The number of students is limited by the number of practice guitars the program can provide for home use. There has been no difficulty attracting students, who must be referred to the program by the Omaha division of the U.S. Department of Veterans Affairs near 42nd and Center streets in Omaha where the lessons are given. More than 30 sit on a waiting list Ullom refers to as “the queue.”

Brett Stidfole, a recreational therapist with the Omaha VA who coordinates with Ullom, said veterans he has assigned to the program report good results.

“I hear from my vets that it’s a stress reliever, that it keeps them motivated and keeps their minds and memory off bad stuff,” he said. “That it gives them something to look forward to, and something to do. And then there’s the support system during and after, because after they complete the program they continue to meet up and play together.”

Though the VA has a plentiful supply of students, the program lacks guitars.

Ullom said guitars can be donated directly or paid for by cash donation. She said about $200 will cover the cost of a brand-new guitar, which is given to students at graduation, along with accessories.

It was a big moment for Ullom’s growing chapter when the Bellevue Walmart recently donated $600 to the program.
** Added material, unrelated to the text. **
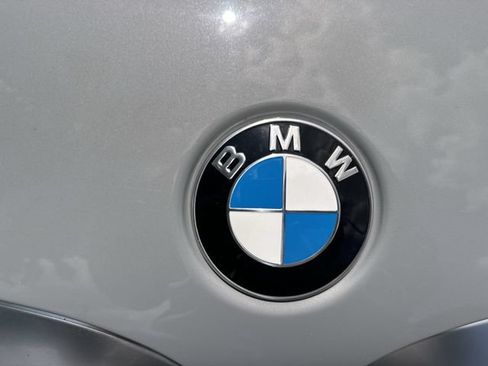 Used 2023 BMW X4 xDrive30i w/ M Sport Package AWD/4WD image 10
“It was the first big donation for our chapter, and I hope its shows the community is beginning to learn about us,” she said.

Tunali, a native of Winston-Salem, N.C. and a 20-year Army veteran who has lived in Nebraska for 10 years, is a graduate.

“It’s made a big difference,” she said. “It’s kind of like a relief builder for me. Sometimes you have those dark moments, but then I’m able to just play my guitar and get lost in the music and let it take me out of that. It’s been very therapeutic.”

Reed, a veteran of both the Air Force and the Navy, said he has seen students arrived “all tied up in knots,” only to re-learn the art of relaxing.

“My motivation, as a veteran myself, is veterans helping veterans,” he said. “That’s what we do.”

It is also the reason Ullom clicked that button 18 months ago.

“We know our veterans are falling into dark times and getting lost in their own minds,” she said. “Through this program we want them to know there are viable options to cope outside of drugs or alcohol or any other harmful behaviors they might be using to deal with whatever they’re dealing with.

“This is a positive outlet, a way to build self esteem and finding a way to plug into your community and even to plug into your family.”